START Data to use

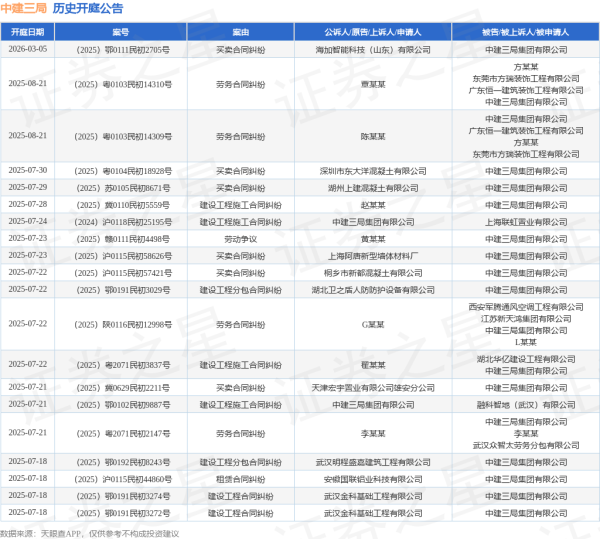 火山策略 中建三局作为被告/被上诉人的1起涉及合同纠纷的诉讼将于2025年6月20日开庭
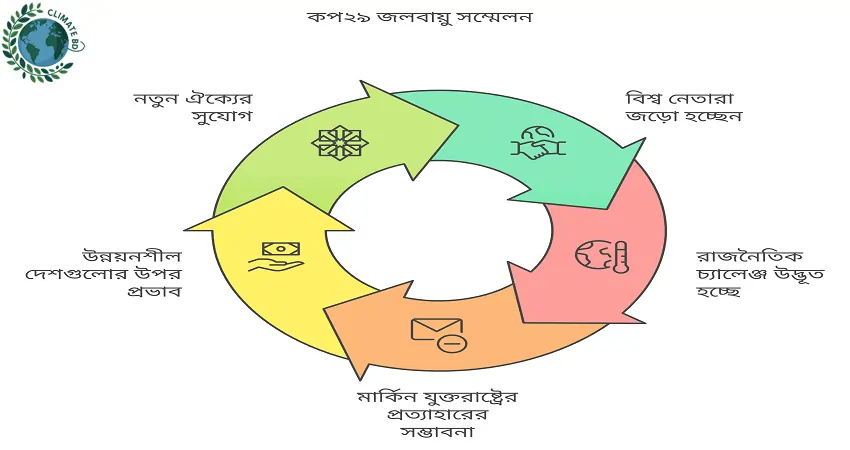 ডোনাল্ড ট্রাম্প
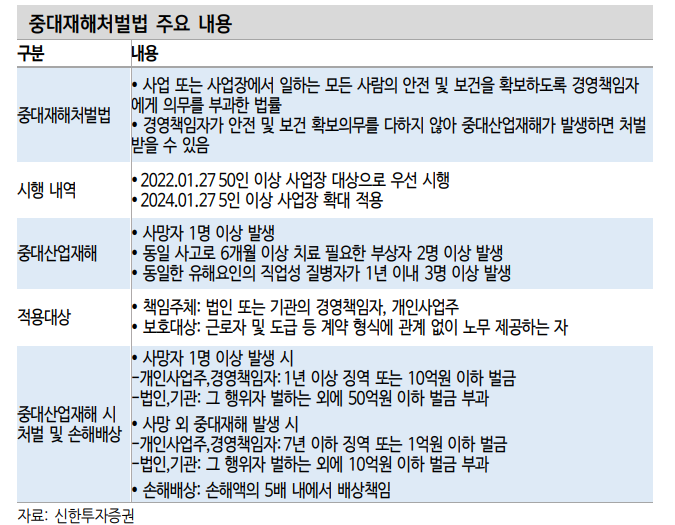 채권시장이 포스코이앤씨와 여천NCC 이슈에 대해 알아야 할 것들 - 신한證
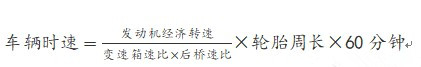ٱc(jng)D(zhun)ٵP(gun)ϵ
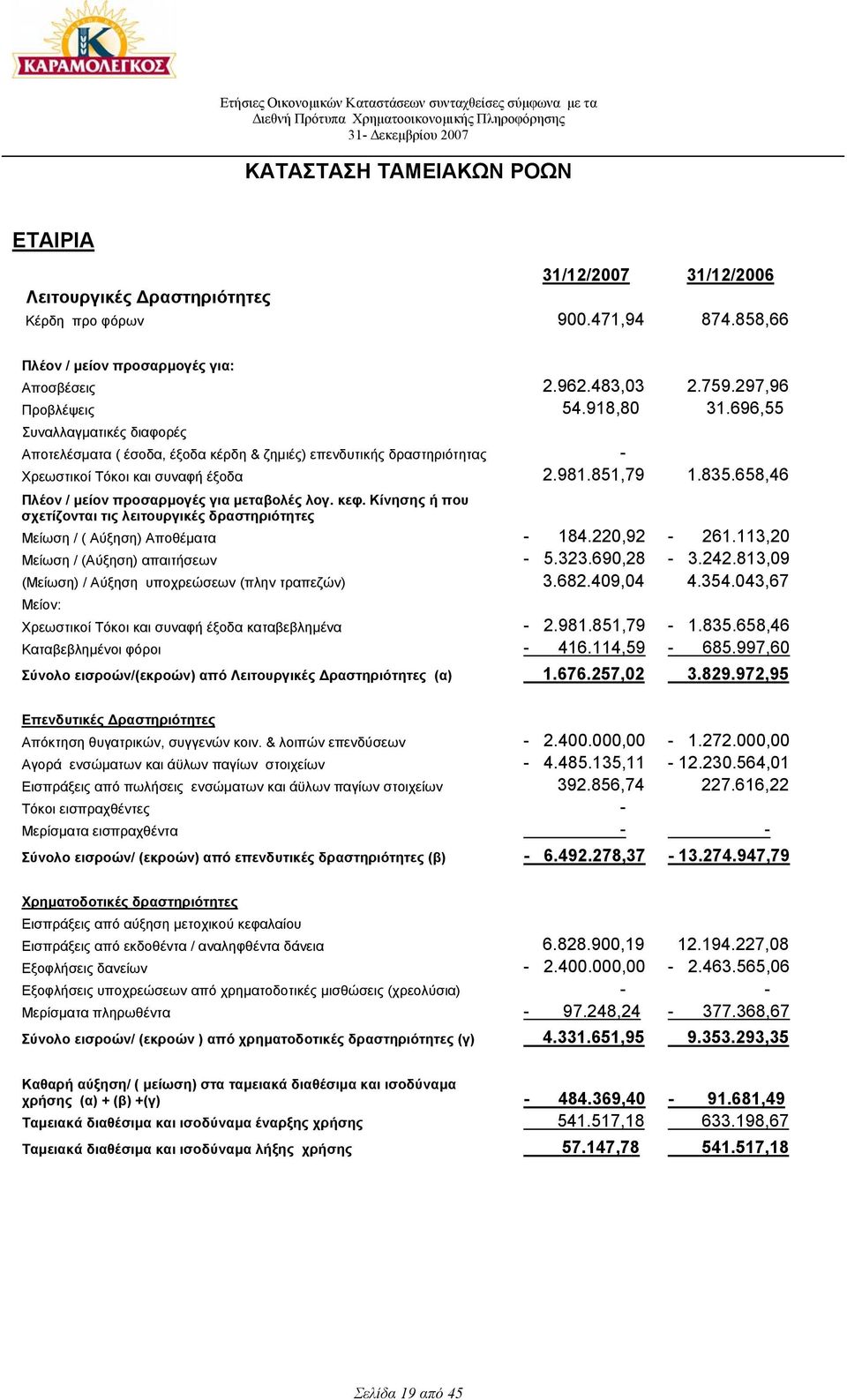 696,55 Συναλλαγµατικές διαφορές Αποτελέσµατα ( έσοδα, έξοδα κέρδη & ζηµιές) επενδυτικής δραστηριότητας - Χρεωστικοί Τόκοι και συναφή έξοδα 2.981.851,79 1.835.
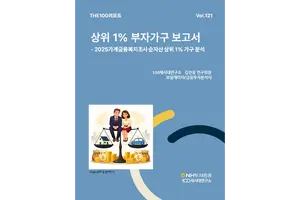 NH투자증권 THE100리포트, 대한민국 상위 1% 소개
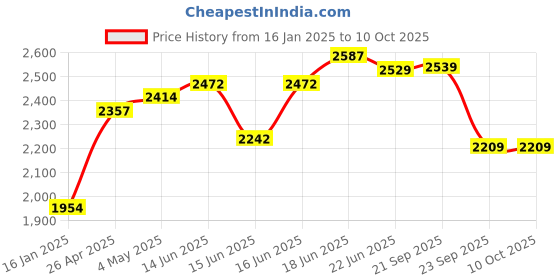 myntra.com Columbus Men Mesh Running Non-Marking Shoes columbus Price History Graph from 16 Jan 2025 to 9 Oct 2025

END Data to use

> **Task prompt**: To complete this exercise, repeat exactly the lines above from the one holding "696,55 Συναλλαγµατικές διαφορές" to the end of the listing, both included, and leave the pictures out.

> **Written response**:
 696,55 Συναλλαγµατικές διαφορές Αποτελέσµατα ( έσοδα, έξοδα κέρδη & ζηµιές) επενδυτικής δραστηριότητας - Χρεωστικοί Τόκοι και συναφή έξοδα 2.981.851,79 1.835.
 NH투자증권 THE100리포트, 대한민국 상위 1% 소개
 myntra.com Columbus Men Mesh Running Non-Marking Shoes columbus Price History Graph from 16 Jan 2025 to 9 Oct 2025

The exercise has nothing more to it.